A dataframe for Dart. An abstraction to help manipulating and analysing data

Df #

A dataframe for Dart

Usage #

Create #

From csv:

   final df = await DataFrame.fromCsv('dataset/stocks.csv');

fromCSV parses files according to the csv standard, including support for escape double quotes (see: RFC4180).

Note: the type of the records are infered from the data. The first line of the csv must contains the headers for the column names. Optional parameters:

dateFormat: the string format of the date: reference. Ex: MMM dd yyyy

timestampCol: the column to be treated as a timestamp.
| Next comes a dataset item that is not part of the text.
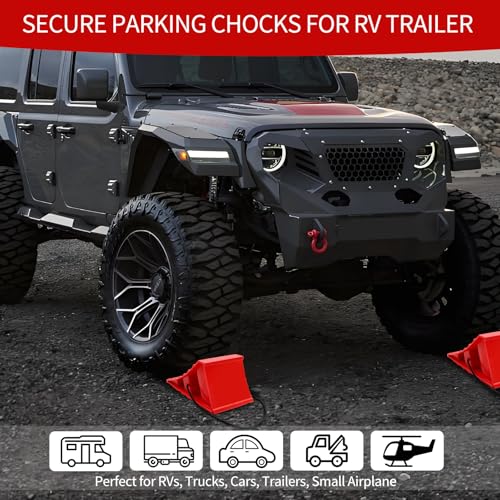 4 Pack Wheel Chocks, Heavy Duty Non Slip Wheel Chocks with Rope, Plastic Hard Wheel Stoppers Block for Camper Cars, RV Trailer, Trucks, Red - color: Red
Ex: timestamp

timestampFormat: the format of the timestamp: seconds, milliseconds or microseconds. Ex: TimestampFormat.microseconds

verbose: set to true to print some info

From records:

   final rows = <Map<String, dynamic>> rows[
      <String, dynamic>{'col1': 21, 'col2': 'foo', 'col3': DateTime.now()},
      <String, dynamic>{'col1': 22, 'col2': 'bar', 'col3': DateTime.now()},
   final df = DataFrame.fromRows(rows);

Select #

   final List<Map<String, dynamic>> rows = df.rows;
   // select a subset of rows
   final List<Map<String, dynamic>> rows = df.subset(0,100);
   /// select records for a column
   final List<double> values = df.colRecords<double>('col2');
   /// select list of records
   final List<List<dynamic>> records = df.records;

Mutate #

Add data:

   // add a row
   df.addRow(<String,dynamic>{'col1': 1, 'col2': 2.0});
   // add a line of records
   df.addRecord(<dynamic>[1, 2.0]);

Remove data:

   // remove the third row
   // limit the dataframe to 100 rows starting from index 30
   df.limit(100, startIndex: 30);

Copy a dataframe:

   // get a new dataframe from the existing one
   final DataFrame df2 = df.copy_();
   // get a new dataframe with limited data
   final DataFrame df2 = df.limit_(100);

Count #

Nulls and zeros:

   final int n = df.countNulls_('col1');
   final int n = df.countZeros_('col1');


   final int mean = df.mean('col1');
   final int sum = df.sum('col1');
   final int max = df.max('col1');
   final int min = df.min('col1');

Info #

   final int numRecords= df.length;
   final List<DataFrameColumn> cols = df.columns;
   final List<String> colNames = df.columnsNames;
   // print info and sample data
   // like head with a bit more details

Conventions #

All the dataframe operations are inplace. All the methods that return objects end with an underscore. Example:

   // inplace
   // get a new dataframe with limited data
   final DataFrame df2 = df.limit_(30);

Vocabulary conventions:

  • A row is a map of key/values pair
  • A record is a single cell value
  • An index is a row position
  • An indice is a column position